Ensuring that risks are owned or jointly owned by the party or parties best able to manage and bear them, and understanding how they intend to handle them, is key to delivering value for money and successful outcomes.

Risk allocation defines which party or parties will assume each risk, identifying which risks each supplier will be (or remain) responsible for and to what extent, and identifying which risks the contracting authority will be responsible for and to what extent. Risk allocation should be supported by good risk management aligned to the project and programme strategic outcomes set out in the Project Scorecard.

Inappropriate allocation of risk remains one of the main concerns of suppliers looking to do business with government. It is also one of the most frequent issues raised by the National Audit Office in their audits of government contracts. It will therefore be a key area of discussion with prospective suppliers, which should start as part of early engagement. For example by exploring opportunities to develop solutions that help to mitigate risk through joint working before construction commences (see chapter 3). The approach to risk management and proposals for risk allocation should be subject to extensive scrutiny before formally going to market.

How risks are allocated should take into account both the practical capability and the financial capacity to manage and absorb that risk should it occur. We are always accountable to the public for the delivery of public works and reputational risk cannot be transferred to the supply chain. Poor risk allocation can cause a number of negative effects including supply chain instability, poor value for money and stifling innovation. Prior to awarding a contract there should be a joint understanding of risk ownership and respective roles and responsibilities.

A good approach is to:

•  Apply appropriate focus during commercial strategy development to test risk treatment approaches with the market and explore the balance of risk between the supplier, the supply chain they will rely on and the contracting authority.
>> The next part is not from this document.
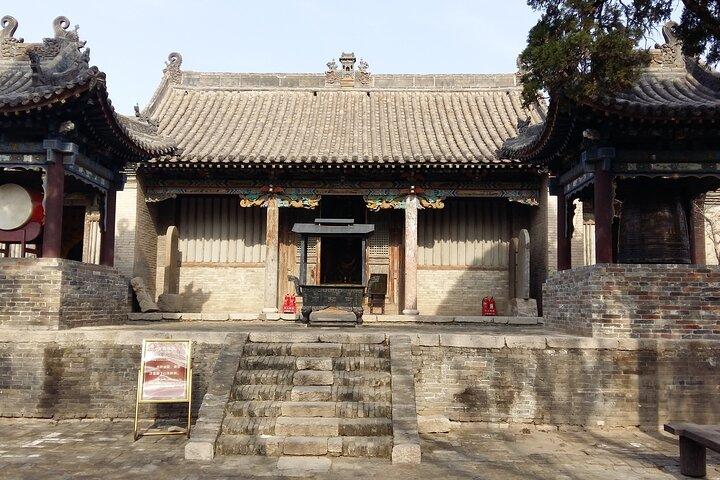 Excursión de un día a Pingyao: mansión de la familia Wang y castillo antiguo de Zhangbi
•  Develop early risk work focused on achieving project strategic objectives and alignment.

•  Compile a risk allocation matrix that considers which organisations in the supply chain are best placed to manage and bear each risk (i.e. whether it is a supplier, government or joint risk) and the extent to which they are responsible for each risk. Iterate through engagement with potential bidders, then manage proactively during the life of the contract.

 Include the sharing of appropriate risk registers and transparent communication on risk allocation with prospective suppliers and the supply chain. This should lead to a joint register with contracted suppliers which is aligned to project and wider outcomes.